Editor: Emmanuel Francis.

Identifier: DHARMA_INSSIIv01p0i0099.

Summary: A considerable-number of inscribed stones are built into the walls of this temple; but they are not in their original order, and it must be assumed, that either the temple had been destroyed and was rebuilt, or that it was constructed from stones which belonged to another old temple. The subjoined fragments contain the following dates and names:— No. 106 is dated in “the forty-first year of Tribhuvanachakravartin, the illustrious Rājarāja-deva,”1 and No. 103 in the Dhālu year, which was current after the expiration of the Śaka year 1258. No. 100 begins with the name of “Sakalalokachakravartin Rājanārāyaṇa Śambova.”2 Nos. 104 and 105 mention Gāṅgeya-nallūr, alias Śrī-Mallinātha-chaturvedi-maṅgalam, and according to No. 102, Gā[ṅgeya-nallūr] was a village in Karaivaṛi-Āndi-nāḍu,3 (a division) of [Pa]ḍuvūr-koṭṭam. Other localities mentioned in the subjoined fragments are: Paḍaivīḍu,4 Kāṭṭuppāḍi5 and Kaṟugeri in No. 103, and Aṇaippāḍi in No. 104. No. 99 mentions the Ammaiappeśvara Temple,6 and No. 101 the same and the Kailāsa Temple.

Hand description:

Language: Tamil.

Repository: South Indian Inscriptions (Original Edition) (south-indian-inscriptions).
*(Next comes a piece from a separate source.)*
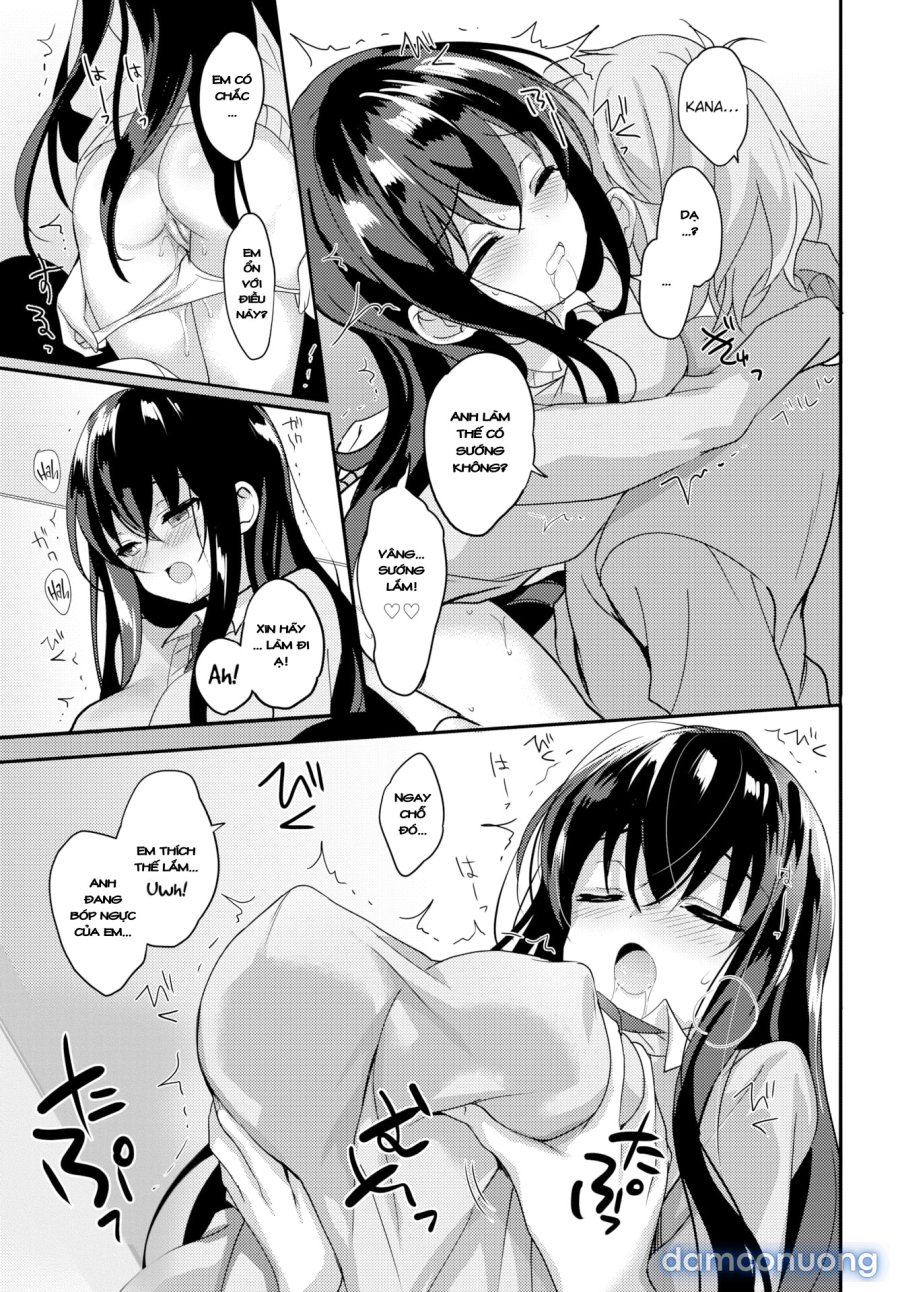 Milk Splash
Version: (3cdd373), last modified (829da8c).

Edition

⟨1⟩ svasti śrī [||] Uṭaiyār AmmaiAppiśvaramuṭaiya nāyaṉārkku

Bibliography

Digital edition of SII 1.99 by Hultzsch 1890 converted to DHARMA conventions by Emmanuel Francis.

Primary

[SII] Hultzsch, Eugen Julius Theodor. 1890. South-Indian inscriptions, Tamil and Sanskrit, from stone and copper-plate edicts at Mamallapuram, Kanchipuram, in the North Arcot district, and other parts of the Madras Presidency, chiefly collected in 1886-87. Volume I. South Indian Inscriptions 1. Madras: Government Press. Page 129, item 99.

Notes

  1. 1. According to the Poygai inscriptions (Nos. 59 to 64, above) this would be Śaka 1178-79.
  2. 2. See the introduction of No. 52, above.
  3. 3. See page 77, notes 8 and 9.
  4. 4. See page 83, above.
  5. 5. The same is the name of a village close to the “Vellore” station of the Madras Railway.
  6. 6. This is the name of a temple at Paḍaveḍu; see page 108, above.